Nebraska Football: The ‘buy-in’ conversation unfortunately returns
With more Nebraska football struggles this season, the conversation about what players are “buying in” and which aren’t as bad. That debate is never good.
Perhaps I was naive. I had hoped that the exit of Scott Frost and the beginning of the Matt Rhule era meant that we weren’t going to have to hear about “buy-in” this fall.
I thought there wouldn’t be talk about the Nebraska football culture. That there wouldn’t be players and coaches pointing fingers and talking about “us vs them.”
Maybe I was expecting too much. I thought the kind of pressure that forces players to talk about who on their own team isn’t buying in wouldn’t arrive in Rhule’s first season on campus. I assumed everyone understood that 2023 was a rebuilding season. That people needed to see what happened before we started talking about who “cares” and who doesn’t.
Here we are. On a Wednesday morning, just five games into the Matt Rhule era. The Nebraska football team is once again talking about buy-in and culture and who wants it and who doesn’t.
Matt Rhule started it Saturday night actually. When he talked about how surprised he was by the lack of fight. But I don’t think he was trying to divide the locker room. I think he was legitimately just trying to get the Nebraska football team to understand no one really did their job.
On Tuesday afternoon, the culture talk ramped up.
Nebraska football defensive back Phalen Stanford stood at the podium and said the words that are going to convince fans they can determine who’s trying and who isn’t by who made the tackle and who didn’t.
“We’re in the process of finding out who’s one of us right now,” he said.
Hoo boy.
Nebraska football’s Red Scare returns
It’s not a bad thing that everyone on the Nebraska football team is on the same page when it comes to needing better effort. Better approach. But we’ve been through the weekly talks about culture and who really cared.
It was the centerpiece of the Scott Frost era. Everytime Frost and his coaches made a dreadful decision, it was really about the culture. Every time the Huskers lost, it wasn’t because of poor play or poor decisions. It was buy-in.
"“I can put the guys in the best scheme, the best offensive plays, the best defensive plays I can come up with. But at the end of the day, if we don’t have corners who can run through tackles and knife-knees, if we don’t have O-linemen coming off the ball, if we don’t have people holding each other accountable, and we don’t have our team making smart decisions and grinding and working hard, I’m not sure the best scheme in the world matters.”"
Frost said that back in 2019. He kept saying. All the way up to the day he was cut loose.
It wasn’t just Frost saying it, either. Once the culture train started down the tracks, people outside the university started talking about what was going on with Nebraska football.

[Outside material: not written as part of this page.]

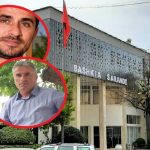Tre vite, tre grupe të dyshuara kriminale në IMT Sarandë: nga Nasip Hoxha, te Eduart dhe Fatjon Veliu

Last summer, just before Frost started his final season with the Huskers, anonymous coaches started talking about something wrong with the culture in his administration.
Perhaps this is simply the side effect of a program that has struggled as long as the Cornhuskers have. People want to figure out what’s wrong so they can fix it immediately. But that’s also a big problem.
What’s wrong with Nebraska football isn’t something that can be fixed right away. It’s going to take time. That’s one of the reasons Matt Rhule was hired. Because he knows how to fix a problem methodically.
Now that the conversation has started, it’s not going to stop until the Huskers start winning on the regular. They’ve got a chance to start a winning streak and qualifying for a bowl in the next month or two.
Hopefully, at that point, the talk about Nebraska football culture can be shoved back in the box.